Happy Birthday to you
Happy Birthday to you
Happy Birthday [whatever your name is, we just want your money]
Happy Birthday to you.

(OK, I made the bit in the square brackets up, but those words sum up the Frankie and Benny experience for me)

And then they play Cliff Richard’s second-placed Eurovision entry ‘Congratulations’. The lyrics of this song are:

Congratulations
And celebrations
When I tell everyone that you’re in love with me
Congratulations and jubilations
I want the world to know I’m happy as can be.

Who could believe that I could be happy and contented
I used to think that happiness hadn’t been invented
But that was in the bad old days before I met you
When I let you
Walk into my heart

Congratulations…

I was afraid that maybe you thought you were above me
That I was only fooling myself to think you loved me
But then tonight you said you couldn’t live without me
That round about me
You wanted to stay

Congratulations…

Congratulations
And jubilations
I want the world to know I’m happy as can be
I want the world to know
I’m happy as can be.

Given that the majority of the birthday people there on Sunday were children, I couldn’t help feeling distinctly uncomfortable at this lyric.

But perhaps that’s just me being aware of what the message in the song actually is about – a couple declaring their (distinctly non family!) love for each other, rather than labouring under the enormous misconception that the words are just back-slappingly laudatory.

Although the food was good the service was absolutely dire and the manager led by example as exemplified by his rudeness. Added to these aspects, the overall ambience was little better than sitting in a crèche, whilst the exceptionally poor standard of front-of-house cleanliness made me seriously question how clean the food preparation and cooking areas were!

So Frankie and Benny’s – whose registered UK office is in Marshalsea Road, Borough, London, SE1 1EP, there are a couple of messages here.

Your chain in Grenoble Road Oxford needs some serious hands-on management. You need to rethink the appropriateness of playing ‘Congratulations’ for every birthday presentation (and indeed, examine the meaning behind the lyrics and rethink how appropriate it is full stop!) and you really should think about doing something with your image, the one you have now is lacklustre, tired and 15-20 years out of date.

Stick a fork in it. You’re done.

B.

9 thoughts on “Frankie & Benny; stick a fork in it, it’s done

  1. I may be being thick here, but I really don’t understand why a song about two people loving each other is inappropriate for a family place.

    Yes, Frankie and Benny’s can be crap, full of kids, and the theme song gets annoying. And it sounds like the service there was awful. But it’s not a bad place, generally. Try going later, as in about 9pm, if possible.

    Love you x

  2. That’s why I avoid places like that. My fave place to eat at my local cinema district, is Nandos. No singing or dancing, you may have to wait for a table, but you are promptly told how long it will take, and the food is served pretty much straight away and delicious. My kids prefer going there than McDonalds next door (and a hell of a lot healthier for them)
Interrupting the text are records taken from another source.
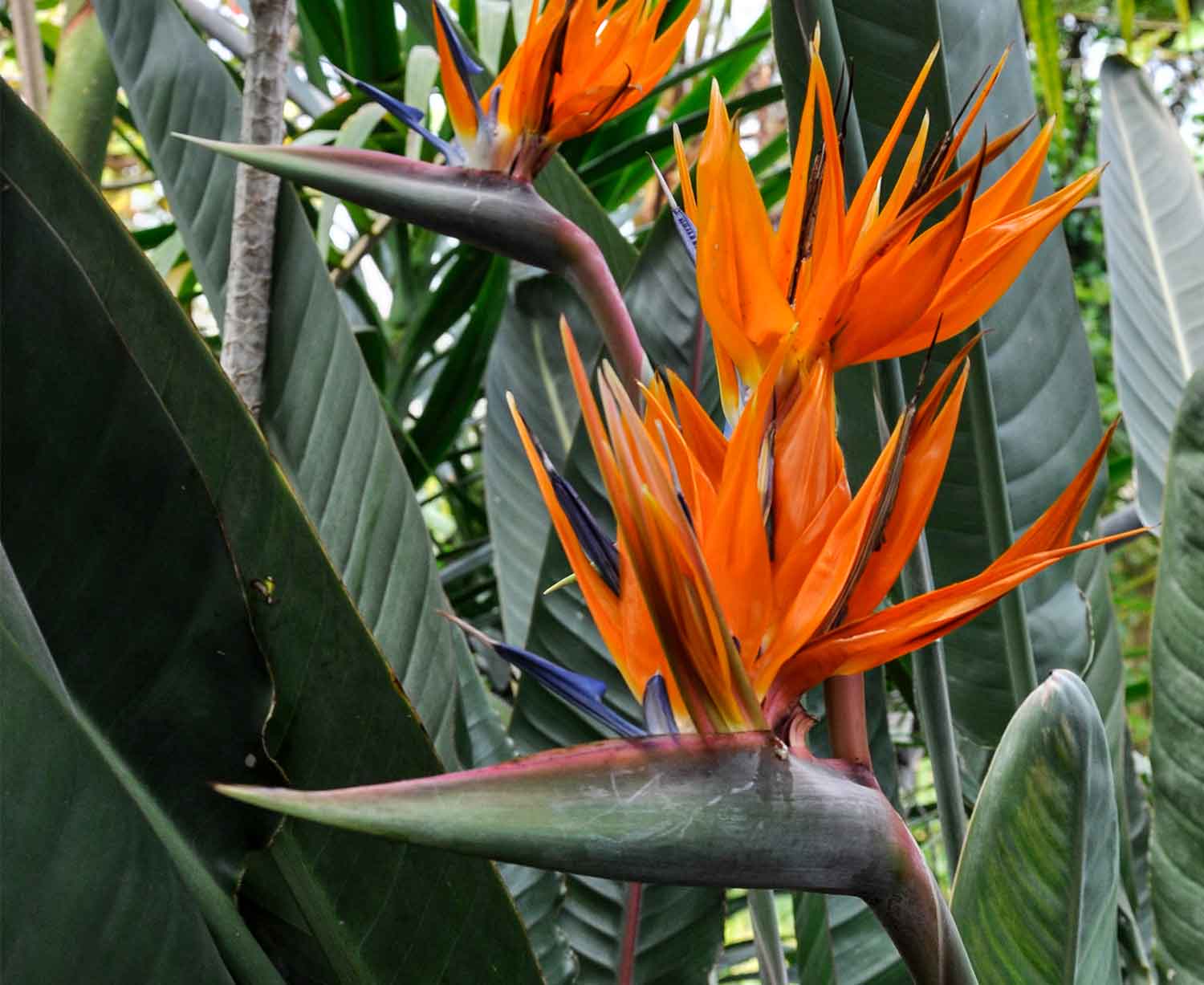 paradiesvogel-blume.jpg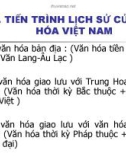 Bài giảng Cơ sở văn hóa Việt Nam - Tiến trình lịch sử của văn hóa Việt Nam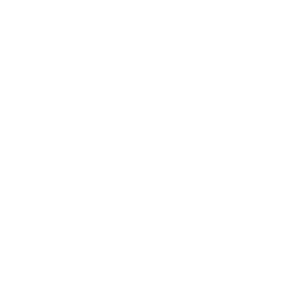 GAUDI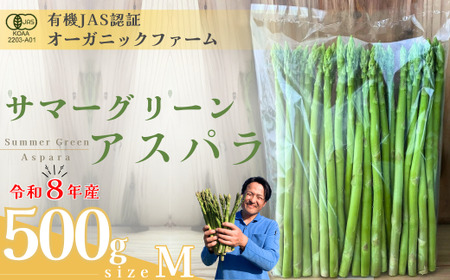 【先行予約】オーガニック サマーグリーンアスパラガス  M 500g アスパラガス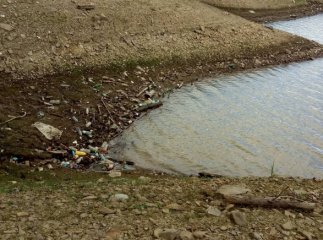 Після осушення Вільшанського водосховища на дні побачили жахливу картину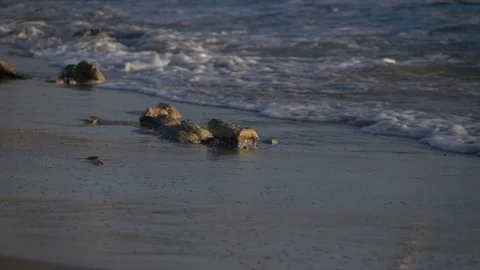 Slow Motion Waves Washing Gently Over Beach Shore Stock Footage 78211374
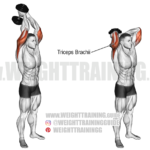 Dumbbell Exercises That Suit Beginners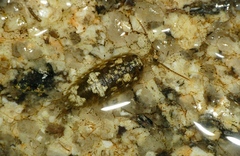 Ligia oceanica
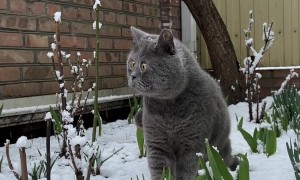 Cat Marvels At Snowfall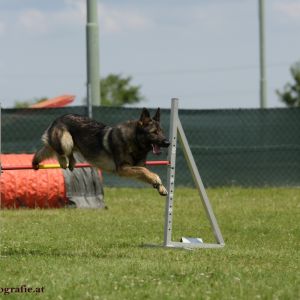 Agility Turnier des ÖSPSC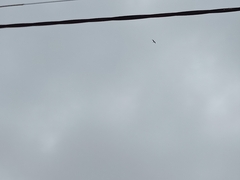 Haliaeetus leucogaster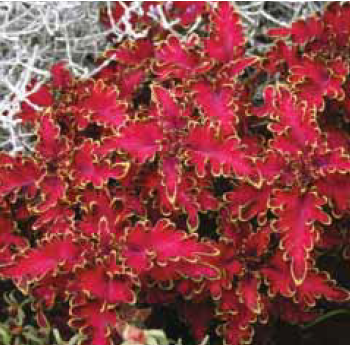 Malibu Red Kırmızı Renkli Saksılık Kolyos Yaprak Güzeli Çiçeği Fidesi (5 fide)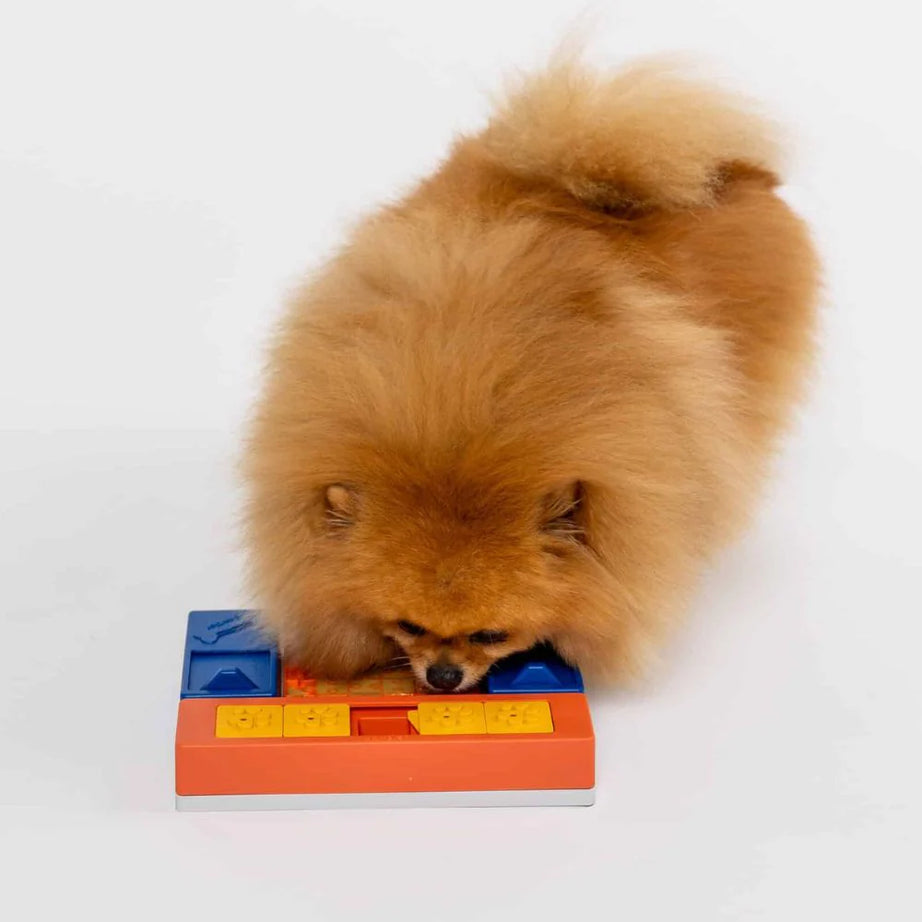 Puzzle Beginner - PAWZLER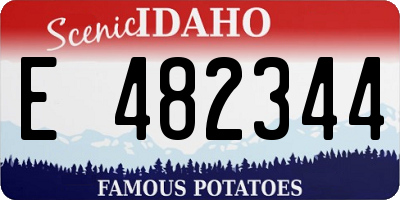 ID license plate E482344
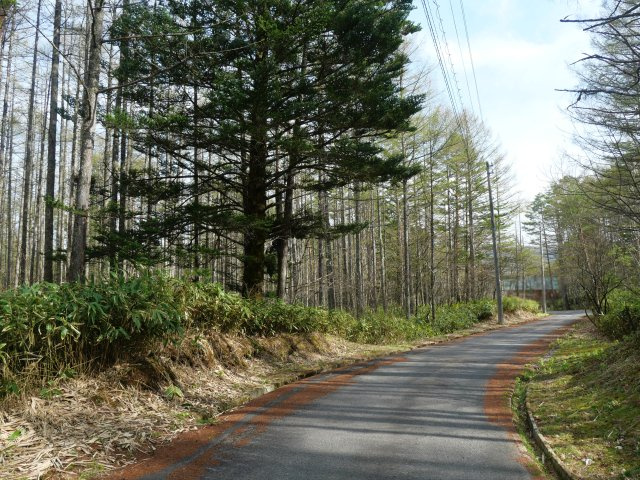 開田高原保健休養地⑥の前面道路含む現地写真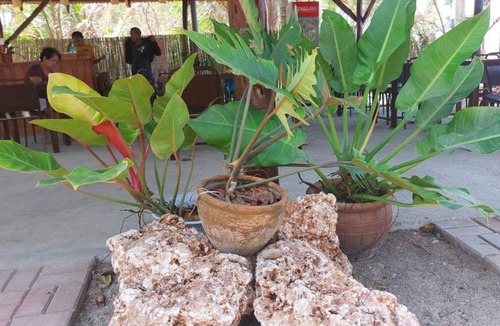 Bolinao Resort | Resort ∙ 1 bedroom ∙ 4 guests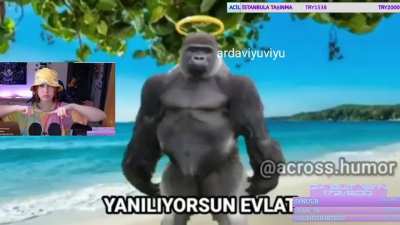 rip harambe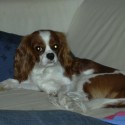 Davinia as the only dog in the house
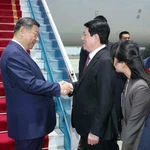 Президент государства Лыонг Кыонг (справа) приветствует Генерального секретаря ЦК Коммунистической партии Китая, Председателя КНР Си Цзиньпина в международном аэропорту Нойбай. (Фото: ВИА)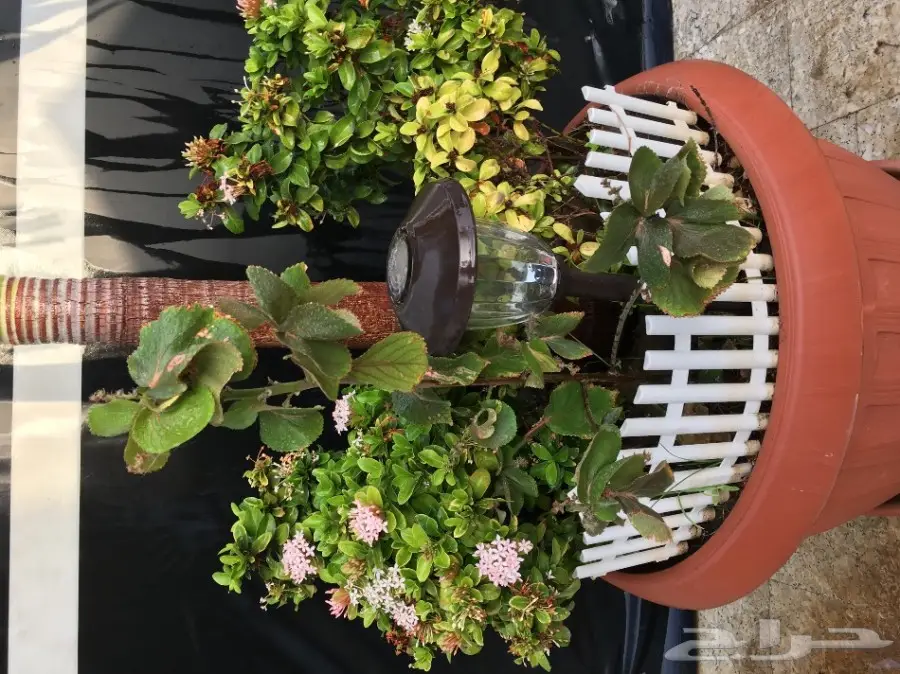 بيت شعر vpc.  للبيع الحاله ممتازه  (image 18)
  3. This is not intended as a personal affront to Trixie, but it intrigues me the level of “Yech!” that McDonalds gets in modern society when I think back to my youth and fondly remember fish-and-chips once a week and pocket money spent on lollies pretty much every week.

    All that seems to have changed is there are now just a few corporations responsible instead of a myriad of independent operators.

    I personally know (intelligent) people who revulse at the mere mention of KFC, despite the fact they have some very healthy options these days. Granted their traditional chicken is still horrid, but that’s not the point.

    Finally, the best level of service I can *consistently* get from a food outlet is in McDonalds. You may not like the food, but they have figured out customer service. At least in New Zealand anyway.